In our case, we will use the llama-2/qlora.yml example and apply the following git patch that sets the base model to meta-llama/Llama-2-7b-hf
and the dataset path and type.
diff --git a/content/axolotl/examples/llama-2/qlora.yml b/sql.yml
index 5425532..eb395cb 100644
--- a/content/axolotl/examples/llama-2/qlora.yml
+++ b/sql.yml
@@ -1,2 +1,2 @@
-base_model: NousResearch/Llama-2-7b-hf
-base_model_config: NousResearch/Llama-2-7b-hf
+base_model: meta-llama/Llama-2-7b-hf
+base_model_config: meta-llama/Llama-2-7b-hf
@@ -12,2 +12,2 @@ datasets:
- - path: mhenrichsen/alpaca_2k_test
- type: alpaca
+ - path: knowrohit07/know_sql
+ type: context_qa2
Now we can start the fine-tuning (depending on your system this may take around 1h)
accelerate launch -m axolotl.cli.train sql.yml
Once, axolotl
is done the qlora weights of the model will be available in the qlora-out
folder. We need to apply those weights to the original llama-2
from peft import PeftModel
from transformers import AutoTokenizer, AutoModelForCausalLM, BitsAndBytesConfig
qlora_model = './qlora-out'
base_model = 'meta-llama/Llama-2-7b-hf'
tokr = AutoTokenizer.from_pretrained(base_model)
model = AutoModelForCausalLM.from_pretrained(base_model, torch_dtype=torch.bfloat16, device_map=0)
model = PeftModel.from_pretrained(model, qlora_model)
model = model.merge_and_unload()
Then save the new weights so we can reuse them in the future.

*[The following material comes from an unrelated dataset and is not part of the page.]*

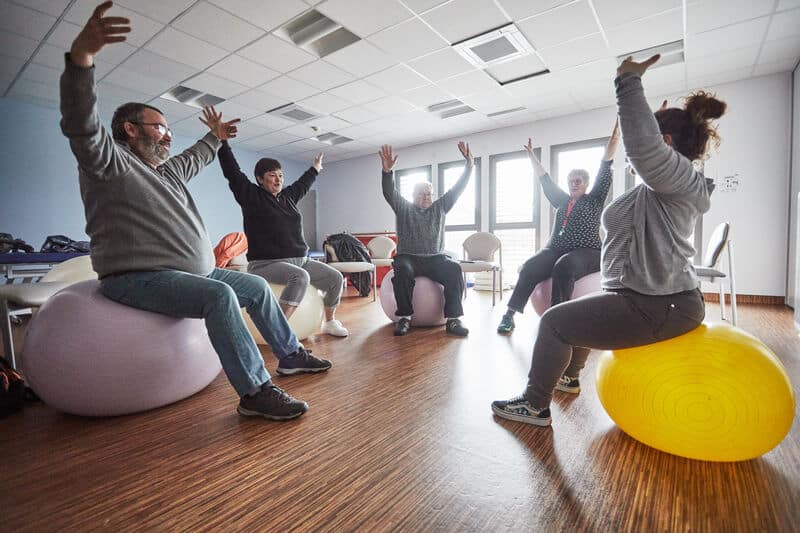 centre de l'obésité bernard descottes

model.save_pretrained('sql-model')
Now we are ready to test our fine-tuned text-to-sql model. Let’s define a helper function that format the prompt we will pass to our model with the same format used in the fine-tuning dataset
fmt = """SYSTEM: Use the following contextual information to concisely answer the question.
USER: {}
===
{}
ASSISTANT:"""
def sql_prompt(context, question): return fmt.format(context, question)
Let’s verify that our helper prompt function works as expecting with the following example
context = 'CREATE TABLE farm_competition (Hosts VARCHAR, Theme VARCHAR)'
question = 'Get the count of competition hosts by theme.'
print(sql_prompt(context, question))
The above snippet will generate the following output
SYSTEM: Use the following contextual information to concisely answer the question.
USER: CREATE TABLE farm_competition (Hosts VARCHAR, Theme VARCHAR)
===
Get the count of competition hosts by theme.
ASSISTANT:
Finally, we can pass this prompt to our fine-tuned model
toks = tokr(sql_prompt(context, question), return_tensors='pt')
res = model.generate(**toks.to('cuda'), max_new_tokens=250).to('cpu')
print(tokr.batch_decode(res)[0])
This will output something like this
<s> SYSTEM: Use the following contextual information to concisely answer the question.
USER: CREATE TABLE farm_competition (Hosts VARCHAR, Theme VARCHAR)
===
Get the count of competition hosts by theme.
ASSISTANT: SELECT COUNT(Hosts), Theme FROM farm_competition GROUP BY Theme</s>
Note:
<s>
and</s>
are extra tokens added by the tokenizer that denotes the start and end of text respectively.